A new Northwestern Medicine clinical trial aims to remove the need for organ transplant patients to take immunosuppressive drugs by increasing the number of their own regulatory T cells (T-regs). The first-in-human, Phase I clinical trial, known as TRACT (T-regs for adoptive cell transfer), recently enrolled its first three participants in late May at Northwestern Memorial Hospital and was granted approval by the U.S. Food and Drug Administration (FDA) in March, 2014. Northwestern Memorial is the only enrollment site for this trial.
"T-regs play a critical role in creating transplantation tolerance and in controlling autoimmune diseases," said Joseph Leventhal, MD, PhD, director of kidney and pancreas transplantation for Northwestern Medicine's Comprehensive Transplant Center, professor of surgery at Northwestern University Feinberg School of Medicine and principal researcher for TRACT. "The core problem with autoimmune diseases is that their own immune system is actively attacking their body. In the case of transplant patients, their immune system views their new organ as a harmful intruder." The therapeutic approach used by the TRACT clinical trial first isolates about 10 million T-regs from a participant prior to them receiving a kidney transplant. The isolated T-regs are then expanded in Northwestern Medicine's Matthews Center for Cellular Therapy until there are close to one billion individual cells, which are then given back to the participant through an intravenous infusion. While other studies using stem cells from living kidney donors have been successful in creating organ transplantation tolerance, which were also pioneered by Leventhal, TRACT's therapeutic approach to creating tolerance is equally applicable for deceased donor transplant recipients.

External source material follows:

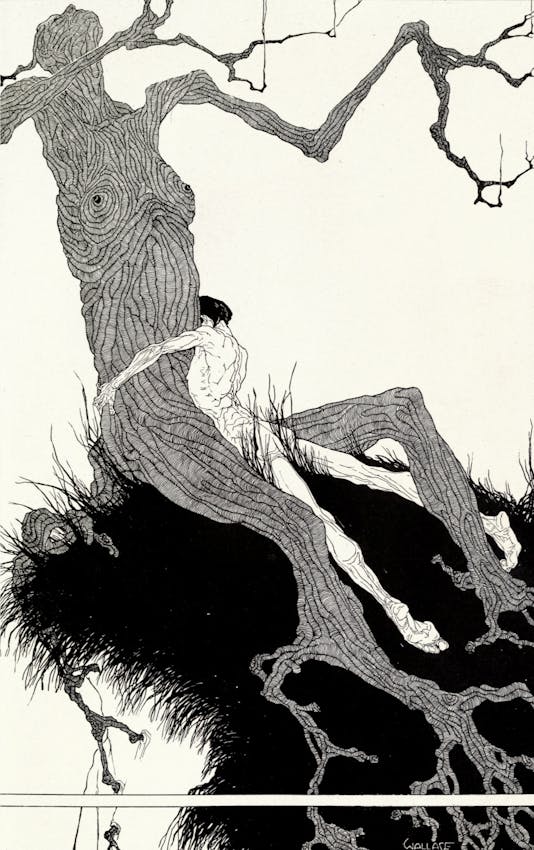 A nude figure embraces a massive gnarled tree trunk with spiraling wood grain patterns and branches suggesting a human form.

Currently, transplant recipients must take multiple toxic anti-rejection medications for the remainder of their lives so that the immune system is weakened to a point where it will no longer be able to effectively attack a transplanted organ. However, these drugs can cause serious side effects, including high blood pressure, diabetes, heart disease, cancer and an increased risk for infection.
Anti-rejection medications even cause damage to organs like the liver and kidneys, which are often the same organs that are transplanted to save patients' lives. The new therapy used in Leventhal's TRACT study offers the potential for a better quality of life with fewer health risks for organ recipients.
In support of Leventhal's groundbreaking research, the Woman's Board of Northwestern Memorial Hospital recently provided a gift of $500,000 to help fund TRACT. The gift will enable the trial to be completed over the next calendar year and lay the foundation for the further development of TRACT's therapeutic approach as a Phase II trial.
"We are proud to be able to support this important and novel clinical trial," said Laura Davis, president of The Woman's Board. "Dr.
Leventhal's research is very exciting and demonstrates a strong potential to drastically improve organ transplantation in the future." "I am excited to be beginning this clinical trial and take the first steps toward what could be the next advancement in organ transplantation," said Anton I. Skaro MD, associate director of the Kidney Transplant Program for the Comprehensive Transplant Center, assistant professor of surgery at the Feinberg School of Medicine and principal investigator for TRACT. "While TRACT is currently focusing on removing the need for transplant patients to take anti-rejection medications, it also very exciting to note that this approach could prove useful for improving the lives of millions of individuals suffering from autoimmune disorders." A total of 12 participants will be enrolled in the Phase I trial to test the safety of TRACT's therapeutic methodology. To qualify, participants must be 18 to 65 years of age, without a previous organ transplant and require a single kidney organ transplant. Women participating in the study cannot be pregnant during the time of their transplantation and must use medically acceptable contraception throughout the clinical trial's treatment period.